▸ **WHAT IS EXPECTED**:
Please transcribe exactly, and only, the lines of the data below between the line holding "酒店装饰水晶灯宴会厅大堂吸顶" and the line holding "pretty ARLET|Plus Size", inclusive.
===
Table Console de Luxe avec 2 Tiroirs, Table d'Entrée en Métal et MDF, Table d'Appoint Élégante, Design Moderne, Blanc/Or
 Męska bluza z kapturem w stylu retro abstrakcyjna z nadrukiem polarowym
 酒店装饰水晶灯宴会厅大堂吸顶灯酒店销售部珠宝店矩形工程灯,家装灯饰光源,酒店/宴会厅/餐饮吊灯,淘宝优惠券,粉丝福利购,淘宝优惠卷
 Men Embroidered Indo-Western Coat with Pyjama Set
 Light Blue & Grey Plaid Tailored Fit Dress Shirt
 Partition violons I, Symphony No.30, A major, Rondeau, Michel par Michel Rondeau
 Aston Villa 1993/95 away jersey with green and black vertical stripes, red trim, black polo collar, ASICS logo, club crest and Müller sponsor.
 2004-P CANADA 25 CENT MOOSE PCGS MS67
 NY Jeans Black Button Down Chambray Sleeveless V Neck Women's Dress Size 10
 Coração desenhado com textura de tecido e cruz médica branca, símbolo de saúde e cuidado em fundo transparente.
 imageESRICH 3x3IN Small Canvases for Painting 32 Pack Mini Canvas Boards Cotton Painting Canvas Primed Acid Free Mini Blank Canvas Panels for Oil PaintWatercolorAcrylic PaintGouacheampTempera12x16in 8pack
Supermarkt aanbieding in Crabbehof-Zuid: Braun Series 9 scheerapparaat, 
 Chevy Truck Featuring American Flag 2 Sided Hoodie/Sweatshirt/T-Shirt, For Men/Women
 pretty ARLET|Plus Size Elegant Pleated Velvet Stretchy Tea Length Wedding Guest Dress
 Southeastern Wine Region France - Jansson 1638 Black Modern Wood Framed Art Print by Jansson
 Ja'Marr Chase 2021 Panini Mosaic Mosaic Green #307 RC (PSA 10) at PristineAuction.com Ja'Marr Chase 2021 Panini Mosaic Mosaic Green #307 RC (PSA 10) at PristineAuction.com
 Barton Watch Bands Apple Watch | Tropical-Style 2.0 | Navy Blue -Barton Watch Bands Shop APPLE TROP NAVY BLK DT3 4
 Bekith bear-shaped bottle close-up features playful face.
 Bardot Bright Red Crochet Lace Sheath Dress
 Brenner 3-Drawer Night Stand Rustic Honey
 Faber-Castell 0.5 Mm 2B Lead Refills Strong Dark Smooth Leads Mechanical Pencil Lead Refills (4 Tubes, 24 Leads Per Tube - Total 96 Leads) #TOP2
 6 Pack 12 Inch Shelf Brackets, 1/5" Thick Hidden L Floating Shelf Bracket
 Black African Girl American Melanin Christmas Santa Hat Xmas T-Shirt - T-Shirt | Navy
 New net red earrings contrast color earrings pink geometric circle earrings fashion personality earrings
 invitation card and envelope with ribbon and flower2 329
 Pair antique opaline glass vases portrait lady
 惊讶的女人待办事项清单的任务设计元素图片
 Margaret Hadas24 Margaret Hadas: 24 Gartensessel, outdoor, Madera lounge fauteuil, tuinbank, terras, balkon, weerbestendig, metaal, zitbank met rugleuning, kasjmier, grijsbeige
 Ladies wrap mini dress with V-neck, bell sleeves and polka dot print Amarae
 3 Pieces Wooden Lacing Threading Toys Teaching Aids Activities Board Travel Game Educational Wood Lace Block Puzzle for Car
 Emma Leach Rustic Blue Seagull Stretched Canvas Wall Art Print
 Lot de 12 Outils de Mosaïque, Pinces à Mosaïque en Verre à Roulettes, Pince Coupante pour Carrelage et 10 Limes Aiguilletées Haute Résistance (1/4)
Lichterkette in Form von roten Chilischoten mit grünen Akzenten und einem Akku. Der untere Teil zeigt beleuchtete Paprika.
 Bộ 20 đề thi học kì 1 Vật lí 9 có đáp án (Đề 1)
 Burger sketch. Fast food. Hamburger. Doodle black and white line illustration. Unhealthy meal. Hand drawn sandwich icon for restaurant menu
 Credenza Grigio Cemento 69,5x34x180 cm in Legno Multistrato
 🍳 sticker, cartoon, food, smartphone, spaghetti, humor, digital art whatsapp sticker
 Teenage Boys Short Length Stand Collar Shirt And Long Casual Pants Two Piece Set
===
▸ **TASK SOLUTION**:
 酒店装饰水晶灯宴会厅大堂吸顶灯酒店销售部珠宝店矩形工程灯,家装灯饰光源,酒店/宴会厅/餐饮吊灯,淘宝优惠券,粉丝福利购,淘宝优惠卷
 Men Embroidered Indo-Western Coat with Pyjama Set
 Light Blue & Grey Plaid Tailored Fit Dress Shirt
 Partition violons I, Symphony No.30, A major, Rondeau, Michel par Michel Rondeau
 Aston Villa 1993/95 away jersey with green and black vertical stripes, red trim, black polo collar, ASICS logo, club crest and Müller sponsor.
 2004-P CANADA 25 CENT MOOSE PCGS MS67
 NY Jeans Black Button Down Chambray Sleeveless V Neck Women's Dress Size 10
 Coração desenhado com textura de tecido e cruz médica branca, símbolo de saúde e cuidado em fundo transparente.
 imageESRICH 3x3IN Small Canvases for Painting 32 Pack Mini Canvas Boards Cotton Painting Canvas Primed Acid Free Mini Blank Canvas Panels for Oil PaintWatercolorAcrylic PaintGouacheampTempera12x16in 8pack
Supermarkt aanbieding in Crabbehof-Zuid: Braun Series 9 scheerapparaat, 
 Chevy Truck Featuring American Flag 2 Sided Hoodie/Sweatshirt/T-Shirt, For Men/Women
 pretty ARLET|Plus Size Elegant Pleated Velvet Stretchy Tea Length Wedding Guest Dress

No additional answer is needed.